Top of Given entries

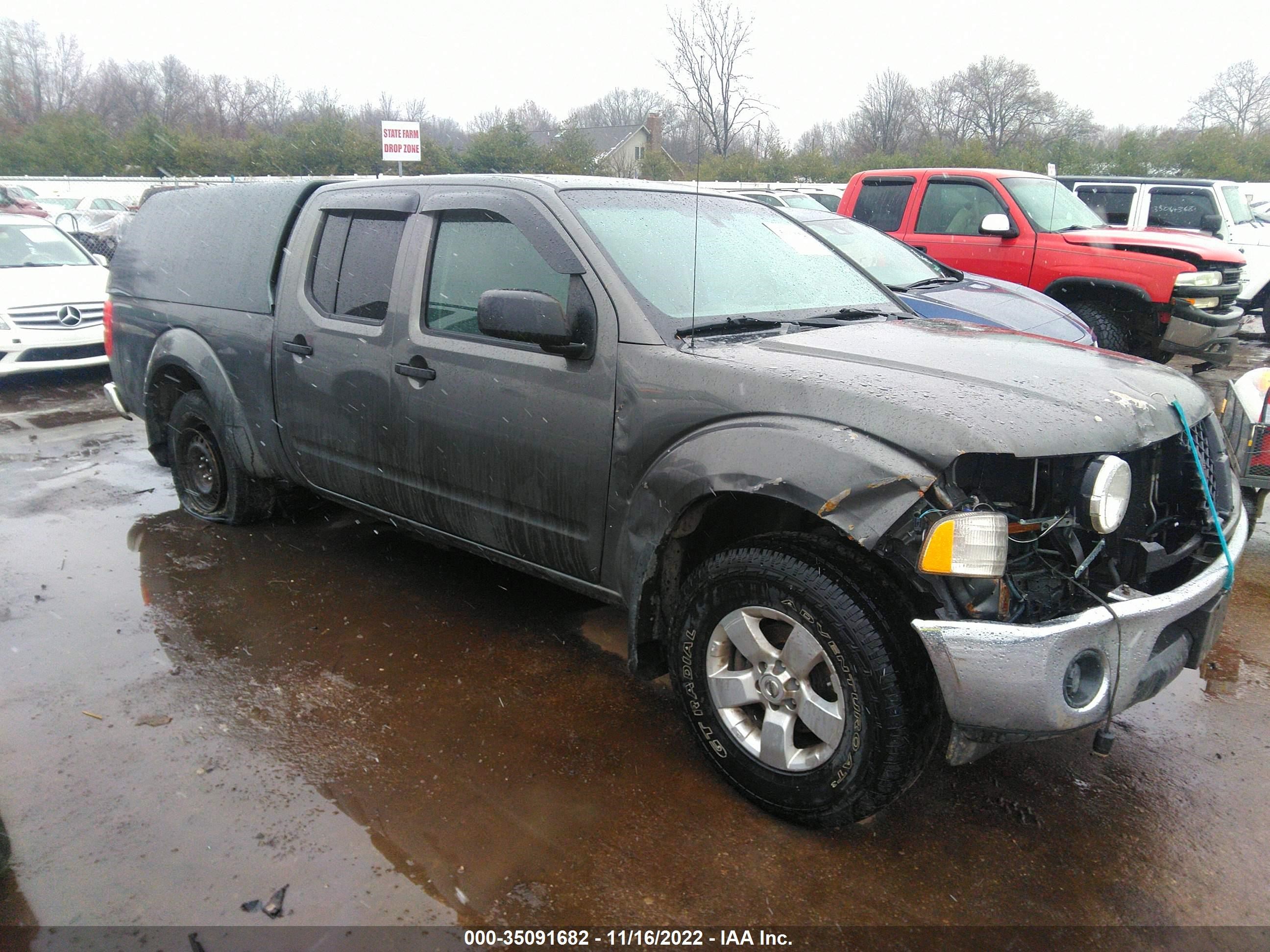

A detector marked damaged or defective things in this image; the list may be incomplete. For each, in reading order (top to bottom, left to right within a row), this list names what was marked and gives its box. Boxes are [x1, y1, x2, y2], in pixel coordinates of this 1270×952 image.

dented hood [1056, 227, 1245, 265]
exposed headlight housing [1168, 271, 1219, 286]
dented hood [706, 318, 1209, 467]
exposed headlight housing [1082, 457, 1133, 538]
exposed headlight housing [919, 515, 1005, 581]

Bottom of Given entries

* **Required work**
Please print all the lines above exactly as given and leave out every picture.

* **Answer to this exercise**
A detector marked damaged or defective things in this image; the list may be incomplete. For each, in reading order (top to bottom, left to right within a row), this list names what was marked and gives its box. Boxes are [x1, y1, x2, y2], in pixel coordinates of this 1270×952 image.

dented hood [1056, 227, 1245, 265]
exposed headlight housing [1168, 271, 1219, 286]
dented hood [706, 318, 1209, 467]
exposed headlight housing [1082, 457, 1133, 538]
exposed headlight housing [919, 515, 1005, 581]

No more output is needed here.